I’m sick and tired and I’m not going to take it anymore.
It is fair to say that the media business is changing beneath our feet as we walk into the office each day. But it is also fair to say that the more things change, the more they stay the same.
It doesn’t matter whether I am reading a document about Cross Channel Attribution from AOL Platforms or attending a seminar featuring a speaker who is one of the world’s leading media advisers, one thing that remains unchanged is the all-too-common misuse of the word mediums when referring to the plural of medium as in “Television is an advertising medium”….. Television and Radio are broadcast mediums. WRONG! Television and radio are broadcast MEDIA.
True, if you look it up in Oxford or Merriam Webster dictionaries, you’ll find:
medium Line breaks: me¦dium
Pronunciation: /ˈmiːdɪəm
Definition of medium in English: noun (plural media or mediums)
But read further…you’ll find that Mediums is the plural for medium the soothsayer kind, not medium the advertising type!
(plural mediums) A person claiming to be in contact with the spirits of the dead and to communicate between the dead and the living.
Example sentences
• Such beliefs are not confined to rural areas; in the cities there is a network of spirit mediums who claim to contact the dead.

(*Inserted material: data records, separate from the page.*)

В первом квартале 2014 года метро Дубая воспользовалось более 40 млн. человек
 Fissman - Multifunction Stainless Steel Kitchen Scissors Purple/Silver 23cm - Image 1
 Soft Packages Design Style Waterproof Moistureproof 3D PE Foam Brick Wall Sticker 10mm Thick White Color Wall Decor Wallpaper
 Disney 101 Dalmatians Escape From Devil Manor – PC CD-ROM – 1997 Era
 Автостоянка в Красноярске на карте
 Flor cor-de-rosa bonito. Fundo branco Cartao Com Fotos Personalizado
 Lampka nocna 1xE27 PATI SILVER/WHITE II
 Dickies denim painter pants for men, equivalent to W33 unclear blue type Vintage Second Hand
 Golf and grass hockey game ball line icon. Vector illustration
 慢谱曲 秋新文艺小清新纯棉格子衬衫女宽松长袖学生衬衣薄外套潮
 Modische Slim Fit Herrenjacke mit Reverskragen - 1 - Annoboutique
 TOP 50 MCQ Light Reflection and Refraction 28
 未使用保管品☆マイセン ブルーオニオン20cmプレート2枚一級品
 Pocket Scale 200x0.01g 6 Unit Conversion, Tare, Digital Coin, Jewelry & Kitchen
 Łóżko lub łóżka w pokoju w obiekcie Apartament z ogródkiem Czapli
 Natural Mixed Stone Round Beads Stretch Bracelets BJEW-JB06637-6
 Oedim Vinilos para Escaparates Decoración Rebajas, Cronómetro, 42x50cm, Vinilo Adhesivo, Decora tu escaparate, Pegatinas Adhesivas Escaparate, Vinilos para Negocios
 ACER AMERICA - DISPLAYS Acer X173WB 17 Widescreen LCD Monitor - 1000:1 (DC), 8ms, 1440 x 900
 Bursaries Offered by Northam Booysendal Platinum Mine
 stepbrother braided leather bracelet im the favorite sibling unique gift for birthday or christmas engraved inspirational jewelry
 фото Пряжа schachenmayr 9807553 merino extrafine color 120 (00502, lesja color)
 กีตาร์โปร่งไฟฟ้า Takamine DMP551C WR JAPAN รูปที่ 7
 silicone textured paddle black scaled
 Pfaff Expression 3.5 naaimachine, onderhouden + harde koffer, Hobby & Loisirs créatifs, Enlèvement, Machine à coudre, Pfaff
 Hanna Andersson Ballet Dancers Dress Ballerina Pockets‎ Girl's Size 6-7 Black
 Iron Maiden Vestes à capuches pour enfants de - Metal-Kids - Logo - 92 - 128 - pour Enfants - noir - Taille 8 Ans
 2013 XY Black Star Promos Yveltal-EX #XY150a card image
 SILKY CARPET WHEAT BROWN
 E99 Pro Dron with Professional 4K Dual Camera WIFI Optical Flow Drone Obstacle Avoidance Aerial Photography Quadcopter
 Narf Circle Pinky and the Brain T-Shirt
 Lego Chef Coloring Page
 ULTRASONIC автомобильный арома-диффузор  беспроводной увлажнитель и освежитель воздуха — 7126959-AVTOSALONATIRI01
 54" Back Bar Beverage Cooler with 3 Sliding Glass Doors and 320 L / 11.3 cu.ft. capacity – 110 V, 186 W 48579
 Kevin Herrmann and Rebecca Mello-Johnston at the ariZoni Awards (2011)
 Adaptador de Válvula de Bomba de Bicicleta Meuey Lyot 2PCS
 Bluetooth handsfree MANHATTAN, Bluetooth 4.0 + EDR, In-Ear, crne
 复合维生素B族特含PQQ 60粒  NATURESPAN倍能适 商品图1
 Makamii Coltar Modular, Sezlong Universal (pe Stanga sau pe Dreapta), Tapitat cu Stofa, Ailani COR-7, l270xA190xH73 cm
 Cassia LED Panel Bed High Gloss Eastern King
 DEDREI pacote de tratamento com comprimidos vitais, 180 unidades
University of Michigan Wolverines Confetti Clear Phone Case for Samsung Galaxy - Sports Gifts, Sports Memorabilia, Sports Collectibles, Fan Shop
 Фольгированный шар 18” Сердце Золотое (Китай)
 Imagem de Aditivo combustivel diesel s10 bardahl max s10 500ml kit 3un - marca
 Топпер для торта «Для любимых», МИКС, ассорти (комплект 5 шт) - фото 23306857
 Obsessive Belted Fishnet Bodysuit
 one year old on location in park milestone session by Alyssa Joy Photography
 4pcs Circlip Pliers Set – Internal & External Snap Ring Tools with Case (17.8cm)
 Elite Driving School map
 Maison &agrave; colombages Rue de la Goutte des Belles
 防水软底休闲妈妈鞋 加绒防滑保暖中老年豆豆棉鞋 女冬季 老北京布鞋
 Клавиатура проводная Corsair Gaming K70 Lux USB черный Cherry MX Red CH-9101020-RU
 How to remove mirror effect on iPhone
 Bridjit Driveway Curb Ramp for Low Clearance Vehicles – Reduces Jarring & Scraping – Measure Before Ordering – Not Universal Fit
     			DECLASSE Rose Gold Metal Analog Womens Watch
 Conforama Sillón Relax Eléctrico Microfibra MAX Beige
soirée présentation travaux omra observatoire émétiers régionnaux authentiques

• This work, by Professor Richard Wiseman, involved asking five mediums to contact the dead relatives of five volunteers.
• He asserts that this work supports the mediums ‘ claims that they are actually communicating with the dead.
While one could intelligently argue that more than half of the media impressions we buy are simply not there, below the fold, out of the room, otherwise occupied, I am relatively certain that advertising media has little to do with communicating with the dead. So please do me and yourself a favour by using the correct term for the plural of medium: media!